Nous devons parvenir à une position européenne commune dans la perspective de la conférence des Nations Unies sur le changement climatique qui aura lieu à Copenhague en décembre. Le Parlement sera très actif dans le débat sur cette question.
Il est également temps pour nous de réfléchir à notre politique énergétique commune afin de garantir notre sécurité. Certaines de ces questions importantes seront traitées par le Parlement au cours des mois à venir.
2. Vous avez pris vos fonctions à un moment charnière dans l'évolution institutionnelle de l'UE. Si le traité de Lisbonne entre en vigueur, quel rôle pourrait jouer le Parlement européen dans la nouvelle architecture institutionnelle ?
Selon le traité de Lisbonne, le Parlement devient un véritable co-législateur avec le Conseil des ministres. Notre pouvoir de codécision est étendu à des domaines tels que l'agriculture, la pêche, le commerce extérieur, la justice et les affaires intérieures.
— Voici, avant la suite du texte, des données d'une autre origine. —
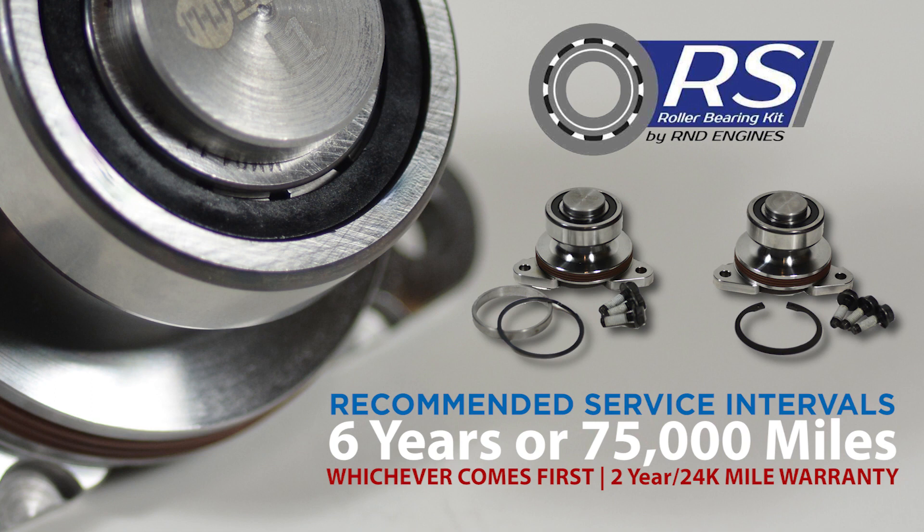The R-NDRS Roller IMS bearing comes with a 2-year or 24,000-mile warranty. The R-NDRS Roller IMS Retrofit can be purchased from LN Engineering or anywhere LN Engineering products are sold or installed.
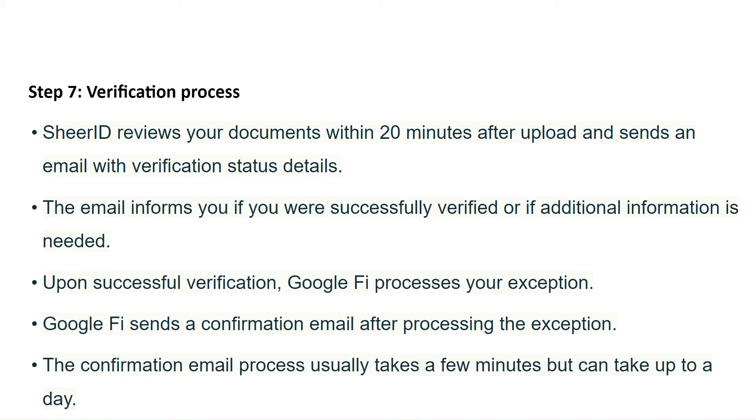Upon successful verification, Google Fi processes your exception and sends a verification email after processing. The confirmation email process usually takes a few minutes but can take up to a day.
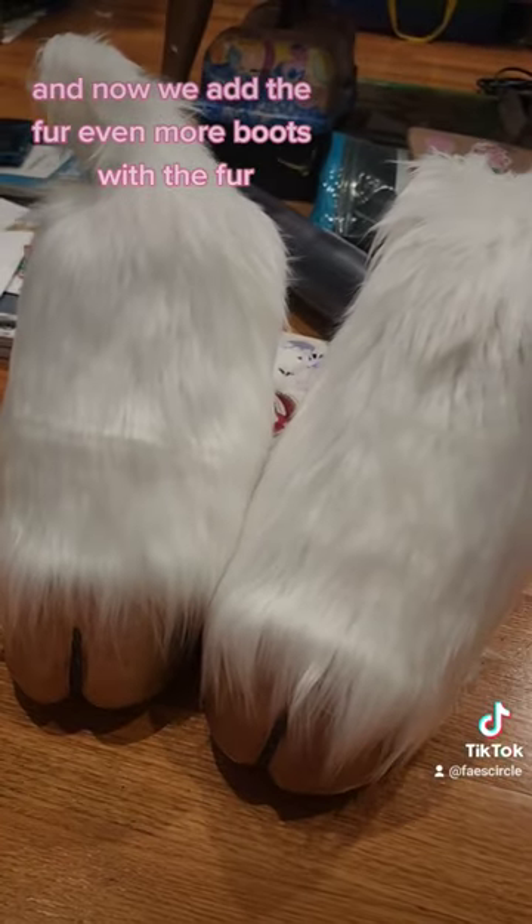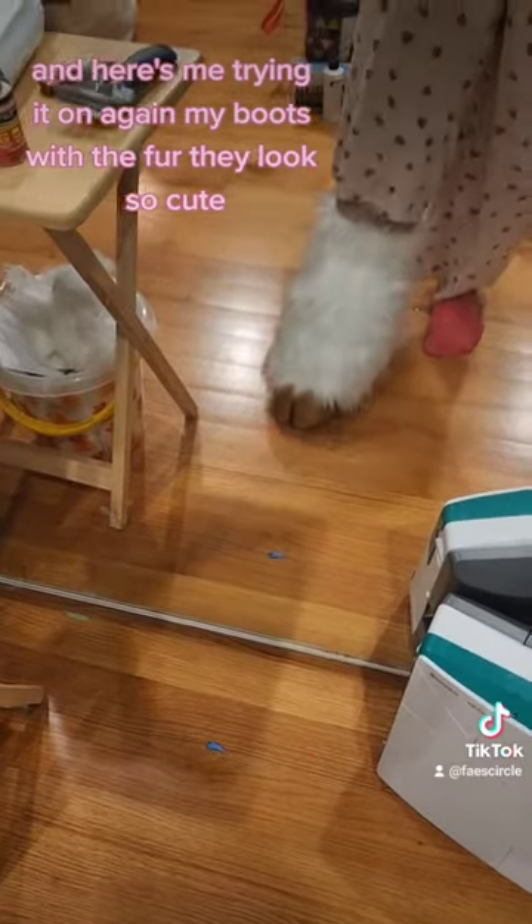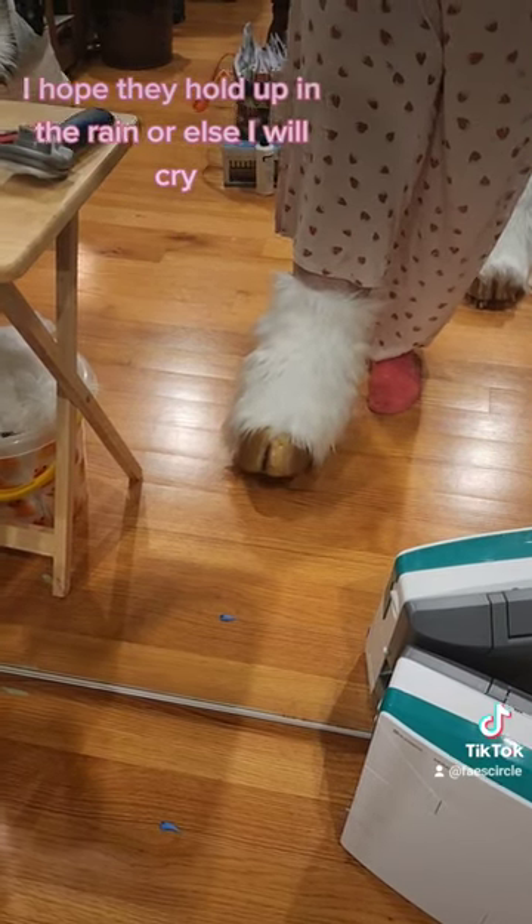And now we add the fur. Even more boots with the fur. And here's me shiny on again. My boots with the fur. They look so cute. I hope they hold up in the rain or else I will cry.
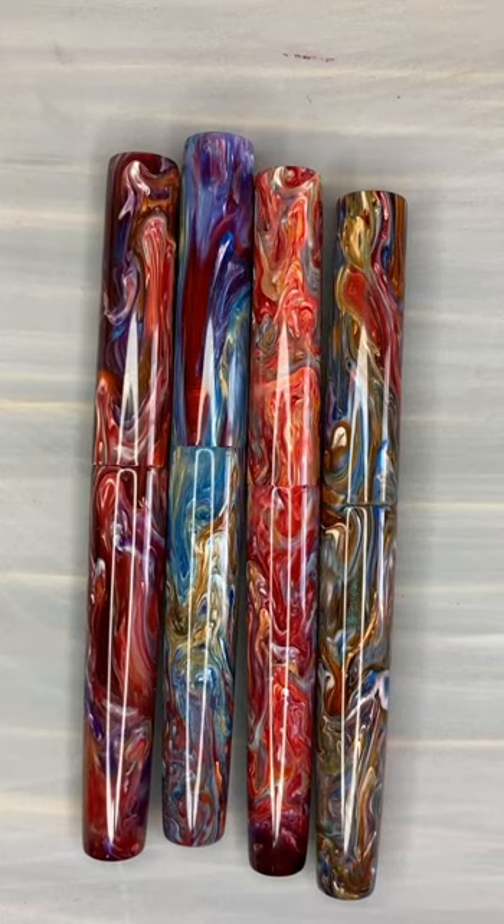Hi everybody! I have a nice treat for you today. I've got a lineup of several different pens, so we'll get right into it.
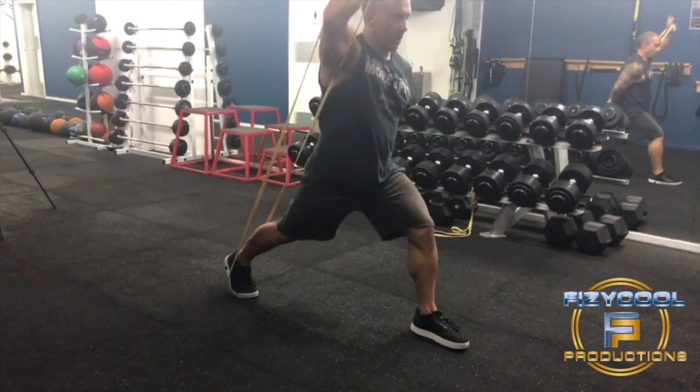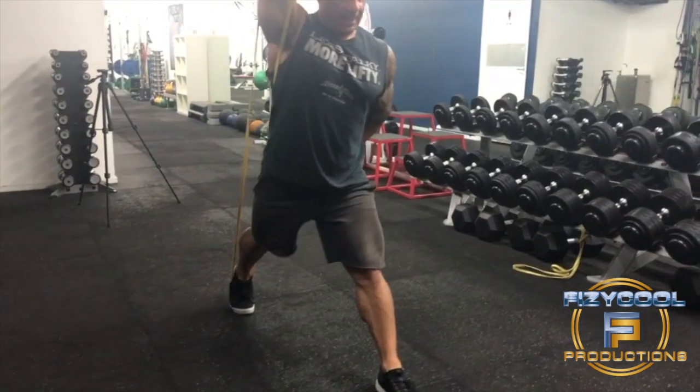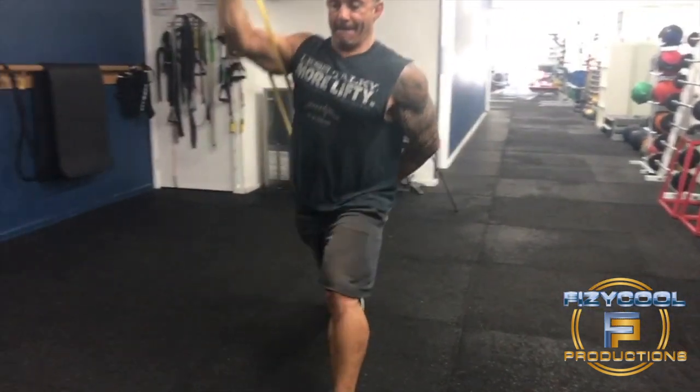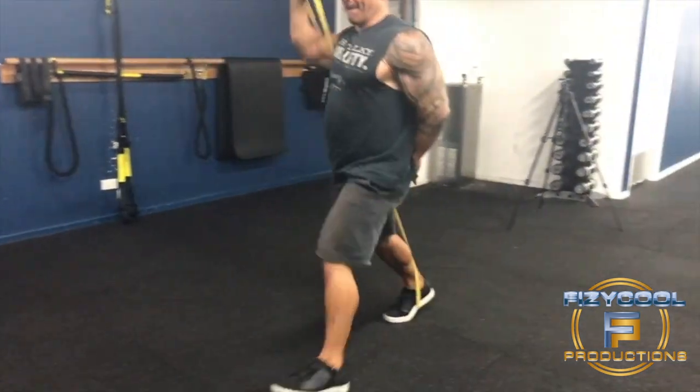A lunge press movement. This exercise is fantastic if you're going to do a full body workout. The reason why is because we're going to start by warming up your shoulder joints and knee joints. Give this a try in your next exercise routine if you're going to do a full body workout.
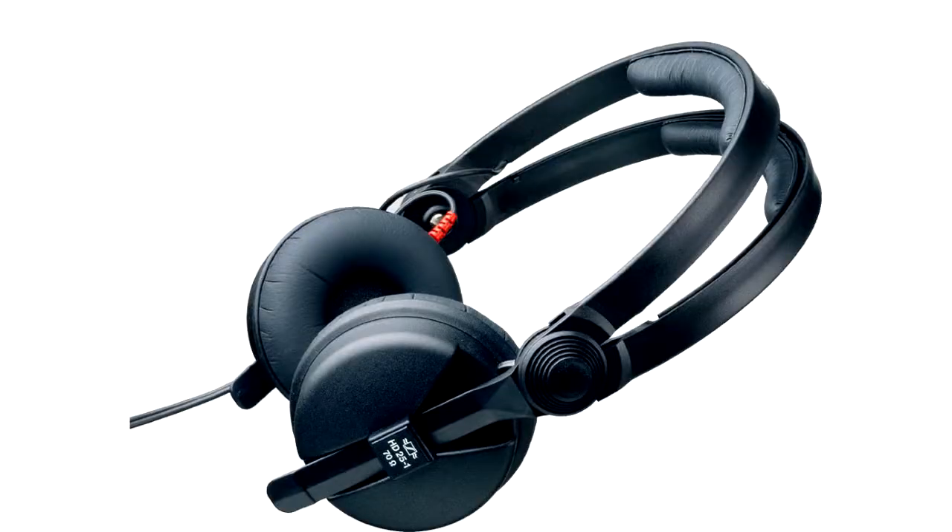Sennheiser has a long lineage of DJ headphones. We've been in the market for 25 plus years. We started with the HD 25, which was originally built for engineers, but the DJ community really flocked to that model and it's been a staple ever since. This is our first real official DJ line, building on that legacy the HD 25 established 25 plus years ago — one model for mixing, mastering, and producing, and the other two for performance and touring DJs.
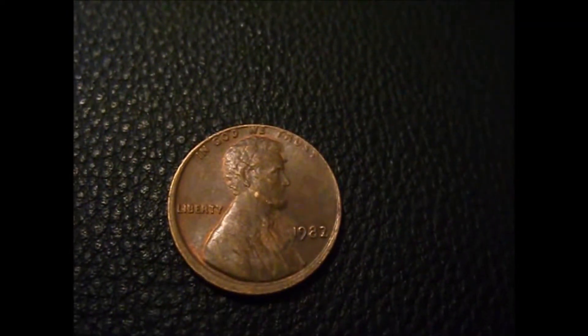For oddities, I have kind of an off-center penny. It's probably one of my better off-strikes I've found.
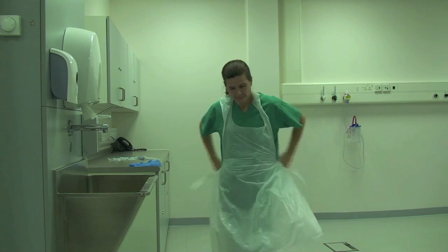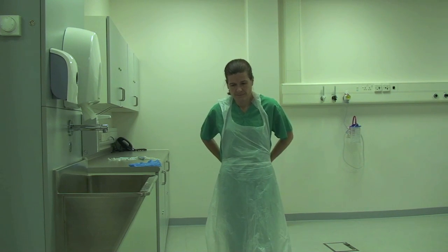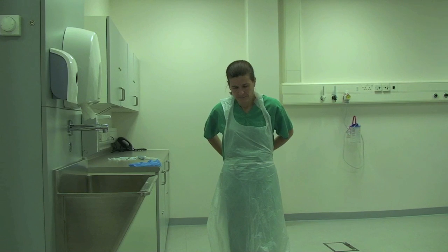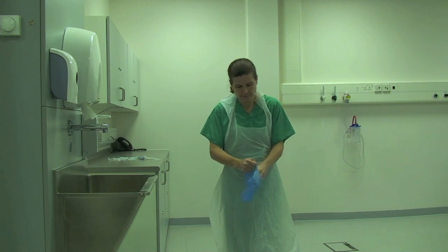First the apron should be placed over the head and tied at the waist. This is followed by a pair of close fitting nitrile gloves.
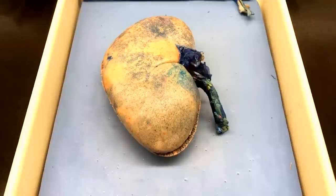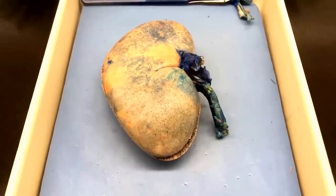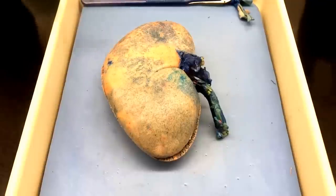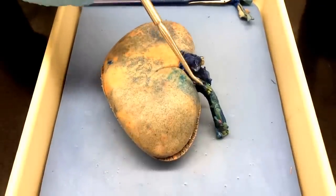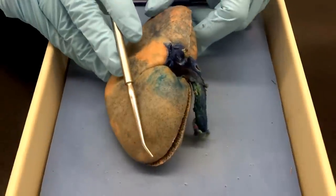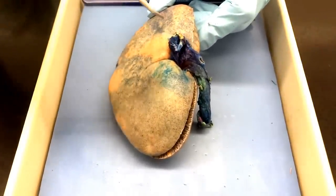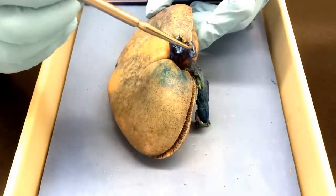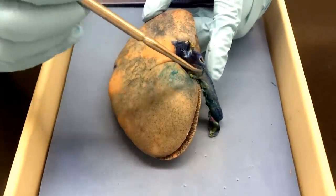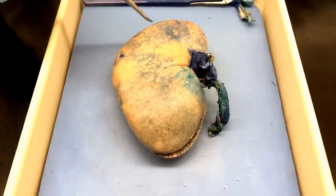So we are going to run through what the dissection is gonna look like that you guys are doing for the kidney, starting with the external part. On here, you can kind of see on the medial border, in the renal hilum right there in the center, we have three things going in or coming out. The renal vein is the thinner-walled vessel, then the renal artery is the thicker one. And then the ureter, which is the part that goes down into the bladder to store the urine. Also on the outside, just the lateral border on the other side.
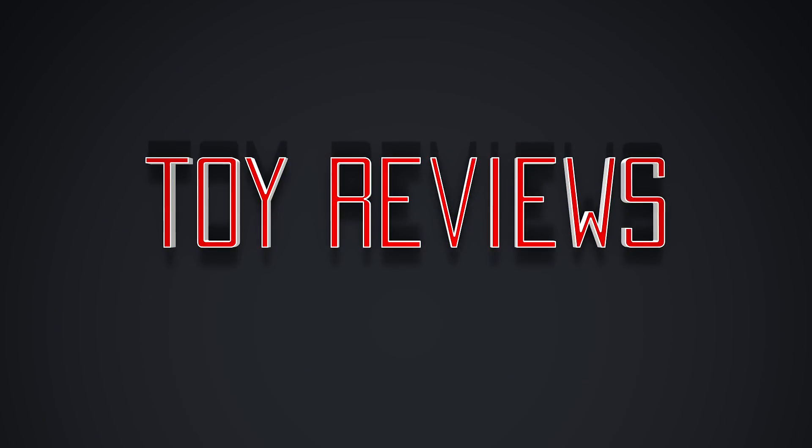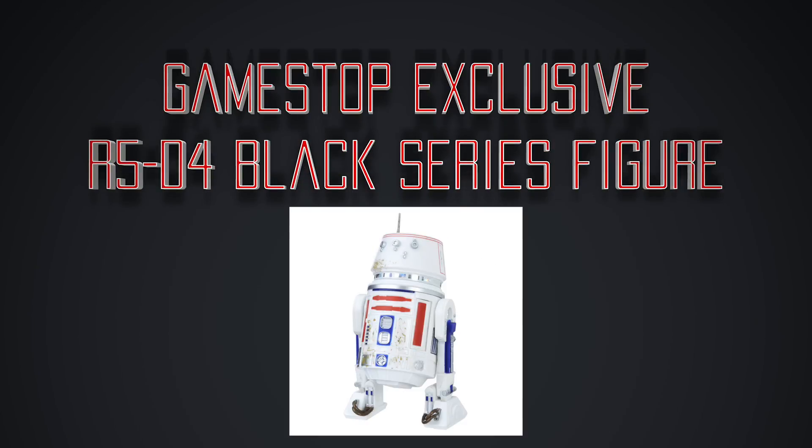EntertainmentBuddha.com. Hey everyone, Matt Hewitt here from EntertainmentBuddha.com. How's it going? Hopefully it's going collectibly. So we got a new exclusive Black Series figure to show off — showed up this week. He is the GameStop exclusive R5-D4 Star Wars Black Series 6-inch from the 40th anniversary re-releases.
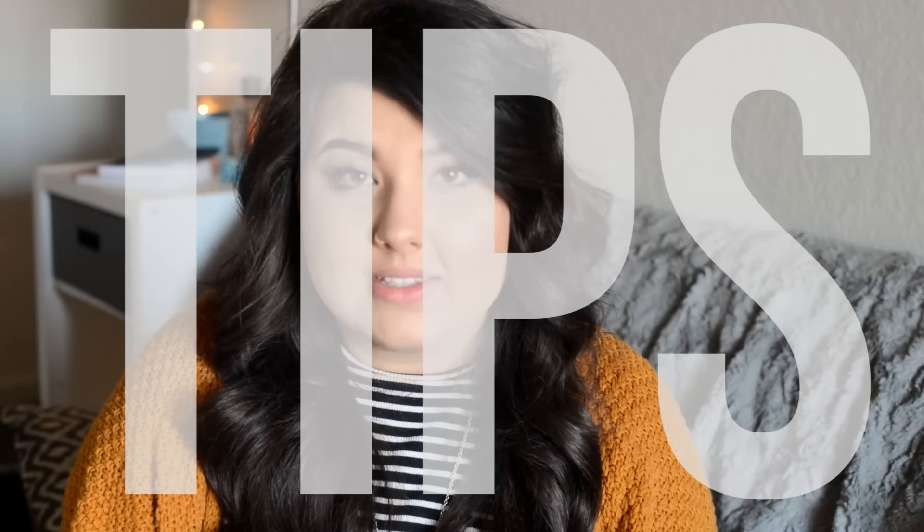Hey guys, welcome back to my channel. Today is going to be one of my most requested videos on how to pose models, or tips for models, or tips for photographers on posing your model. I came up with 10 different things, so let's get started.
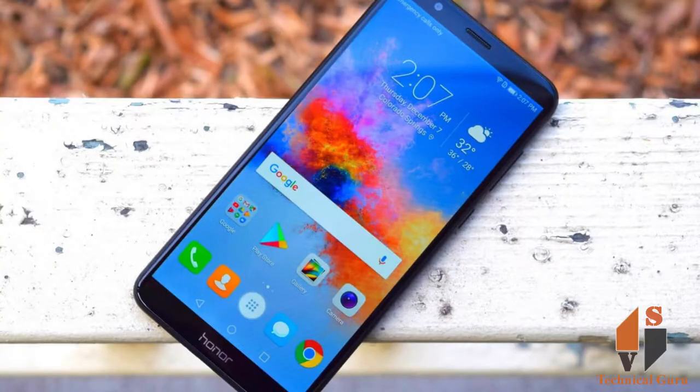Friends, you can see the IPS LCD capacitive screen. You can see the screen size and the resolution — 720 x 1440 pixels. You can see the 282 pixel density and multi-touch support.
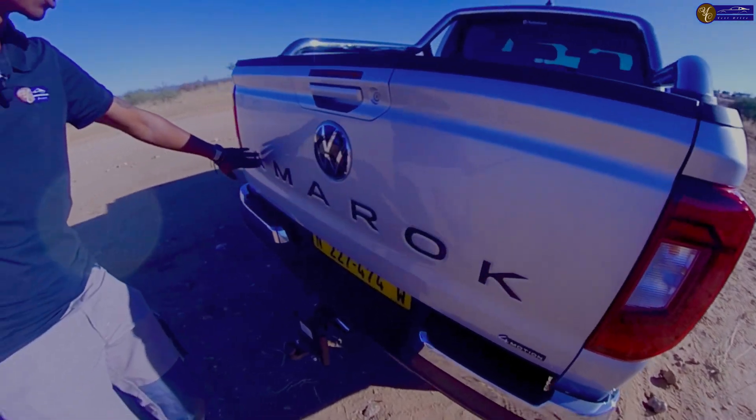We have the roll bar. If you want to fit a canopy you cannot do so with this roll bar — you'd have to remove it. You have black trim on the loading box all the way around. The tailgate is very, very light — I cannot describe how light it is. And you have your brake light here.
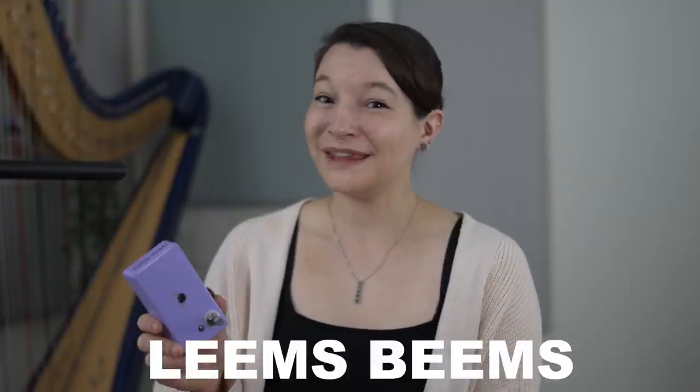I'm going to be pairing Leem's Memes. It's got a laser inside that you can't see, but it's there. And it works by covering the laser like that. And yeah, that's how it works.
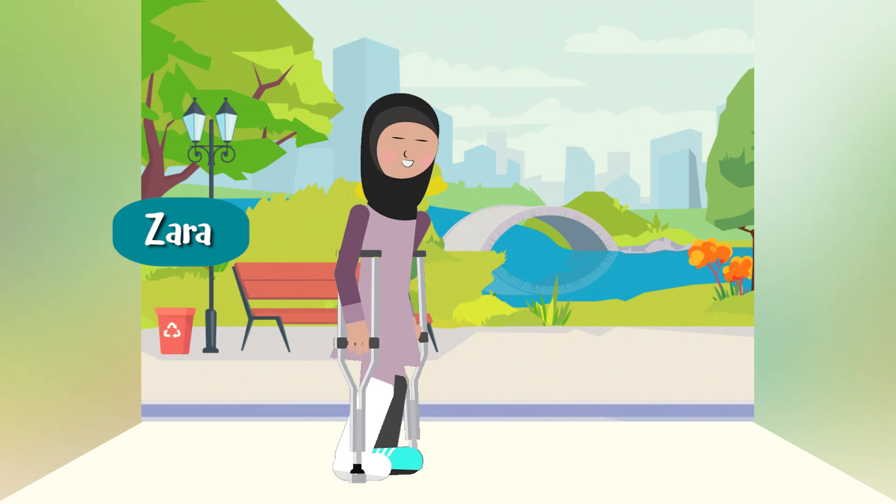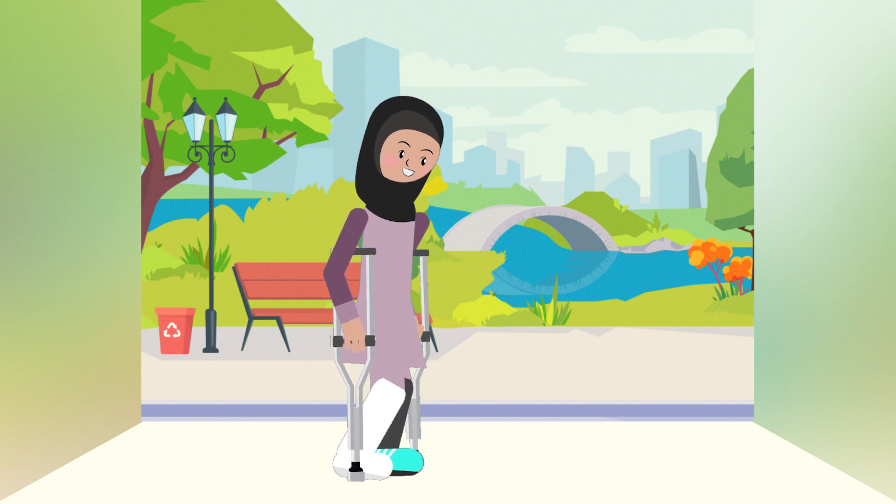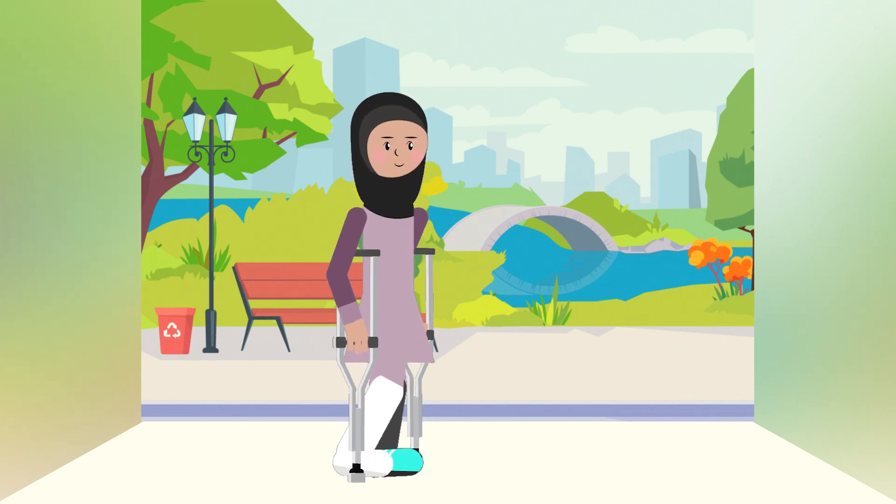This is Zara. Her doctor has told her that she is weight-bearing as tolerated on her injured leg. Standing with her crutches, she will put most of her weight on her strong leg. Next, Zara moves her injured leg and crutches forward at the same time.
Nous disposons également de compétences renforcées concernant le budget de l'Union, en nous voyant accordés pour la première fois des pouvoirs identiques en matière de dépenses agricoles.
Je pense qu'il s'agit d'une évolution très positive car elle permettra de créer un meilleur contrepoids et renforcera la voix des citoyens européens. Nous disposons désormais des outils pour rendre plus flexible l'attribution de fonds à des domaines que nous soutenons.
3. Dans l'histoire de la construction européenne, les institutions communautaires ont bénéficié d'une influence déterminée autant par les textes législatifs que par la personnalité et la volonté de leurs leaders. En tant que Président du Parlement européen, dans quelle direction souhaitez-vous faire évoluer le rôle de cette institution ?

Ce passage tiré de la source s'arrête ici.